Another congressionally created body — the Commission of Fine Arts — is expected to endorse the site Thursday.

"The next step is what we're calling a predesign program," said Retired Air Force Brig. Gen. Carl Reddel, executive director of the Eisenhower Memorial Commission. "It's an effort to integrate all the different elements of his legacy into a focused way that will enable us to present to the designer what it is that we most want to see."

While there is no design yet, the memorial commission is committed to a landscaped, plaza-style memorial, given its urban setting, said executive architect Dan Feil.

He said the memorial would capture different facets of Eisenhower's career as five-star general, supreme commander of the Allied forces in Europe during World War II, president of Columbia University in New York and U.S. president from 1953 to 1961.

"A memorial has to have an emotional impact," Feil said. "What is someone supposed to feel when they enter the site? How would you like them to be thinking about when they leave?"

Once the predesign process is completed early next year, there will be a design competition to choose an architect for the project.

A dedication ceremony will take place early next year. Completion is expected within about five years, Reddel said.

Meanwhile, the commission has completed a related project to place all of Eisenhower's presidential papers online, allowing Internet users to access them with two powerful search engines. In the past few weeks, the commission added 700 of Eisenhower's speeches and addresses to its Web site.

"There are no other presidential papers that have that kind of search engine support," Reddel said. "It's a form of living memorialization of the president."

The physical Eisenhower memorial will be the seventh full-scale presidential monument in the nation's capital.

Most tourists are familiar with the grand monuments to Washington, Lincoln and Jefferson.

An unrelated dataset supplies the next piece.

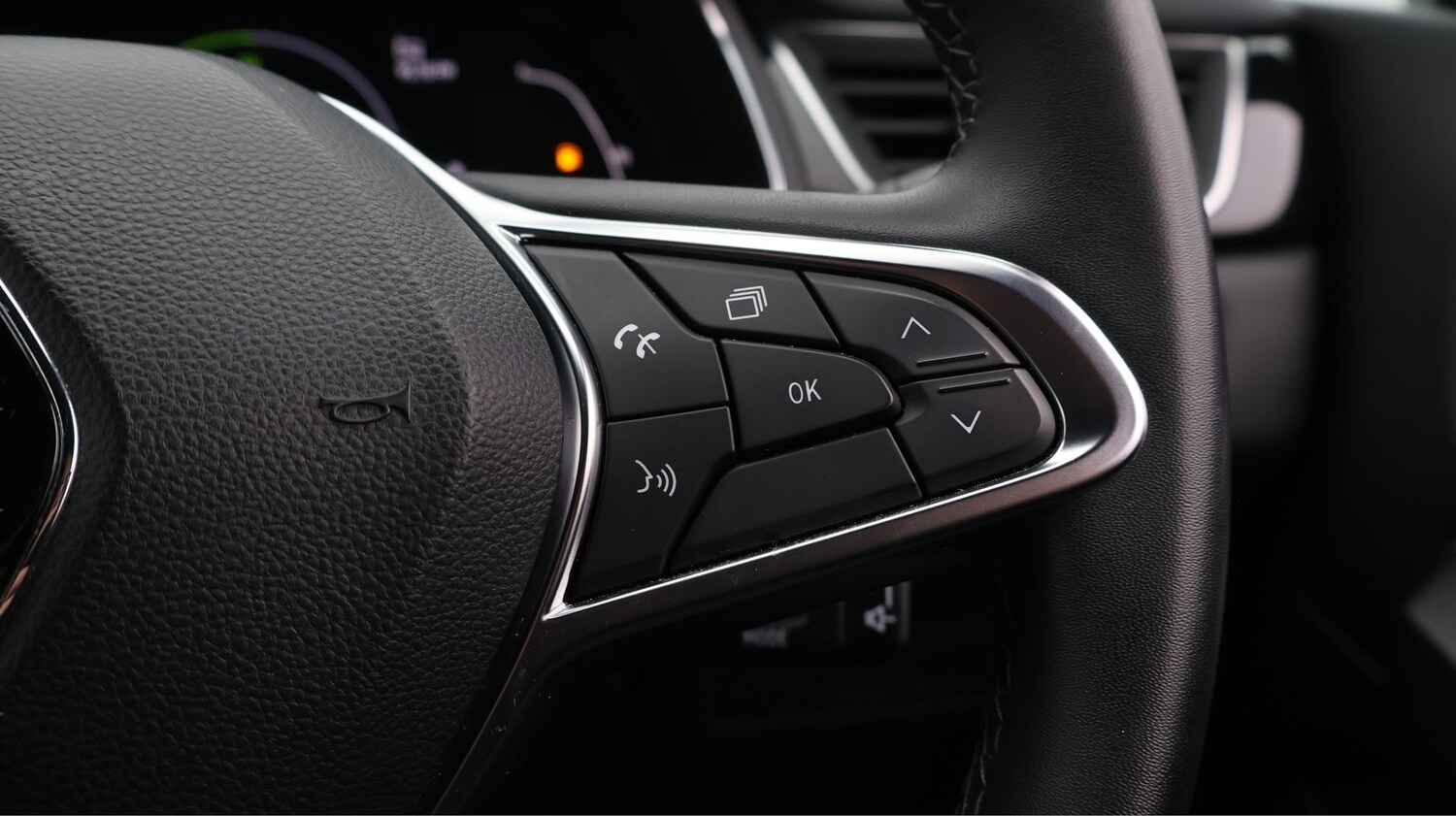 Used Renault Captur 2022 for sale - 77813245: Photo 23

The city also has Theodore Roosevelt Island in the Potomac River, a plaza-style memorial to Franklin Delano Roosevelt and the John F. Kennedy Center for the Performing Arts.

Feil estimates the cost for the Eisenhower memorial will run between $60 million and $100 million, all of which will come from public funding.

Members of the commission, established in 1999, include Sen. Pat Roberts, R-Kan., and Reps. Jerry Moran, R-Kan. and Dennis Moore, D-Kan.